12/05/2026
Uno de los cambios más importantes en el entorno global de negocios probablemente está ocurriendo frente a nosotros… y muchas empresas aún no terminan de dimensionarlo.
México ya no compite únicamente como plataforma de manufactura de bajo costo o proximidad logística. Cada vez más, competirá como una plataforma de validación estratégica.
Revisando recientemente el análisis presentado por el Dr.

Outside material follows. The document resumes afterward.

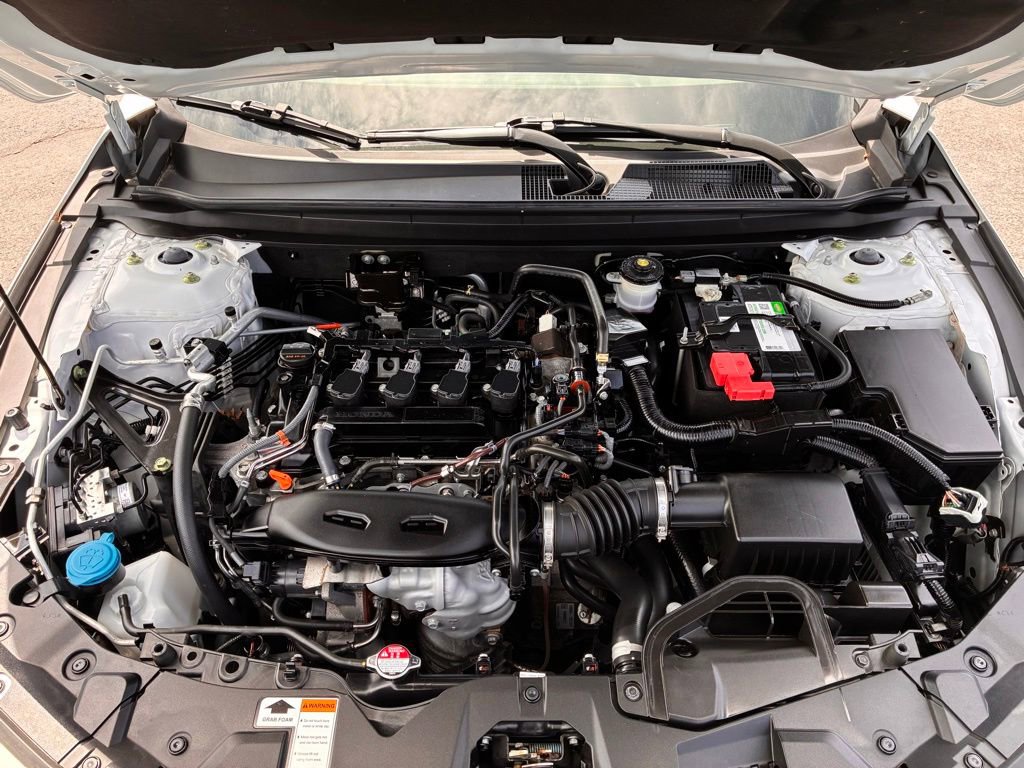 Used 2023 Honda Accord EX image 9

Adolfo Laborde Carranco y IADA Anáhuac sobre los riesgos globales para México y la revisión del Tratado entre México, Estados Unidos y Canadá 2026, queda clara una tendencia estructural:
El comercio internacional está migrando de una lógica de eficiencia hacia una lógica de seguridad económica.
Esto implica mayores niveles de:
• Trazabilidad
• Verificación de origen
• Regionalización de cadenas de suministro
• Control de contenido no norteamericano
• Compliance estratégico
• Supervisión sobre cadenas China-linked
Para muchas empresas, esto representa un cambio profundo en la manera de evaluar inversiones, sourcing, expansión industrial, cadenas de suministro y estrategias de exportación hacia Estados Unidos.
La discusión ya no gira solamente alrededor de costos laborales o ventajas arancelarias.
Ahora también incluye preguntas como:
• ¿Qué porcentaje real del valor agregado es regional?
• ¿Qué tan trazable es la cadena de suministro?
• ¿Qué tan expuesta está la operación a riesgos geopolíticos?
• ¿Existe capacidad de demostrar cumplimiento y transformación sustancial?
En este nuevo entorno, compliance, clasificación arancelaria, reglas de origen y trazabilidad dejan de ser funciones secundarias para convertirse en variables estratégicas del modelo de negocio.
México mantiene ventajas extraordinarias dentro de Norteamérica. Sin embargo, capitalizar plenamente esta oportunidad requerirá fortalecer variables críticas como energía, infraestructura, talento especializado, logística, estado de derecho y desarrollo de proveedores regionales.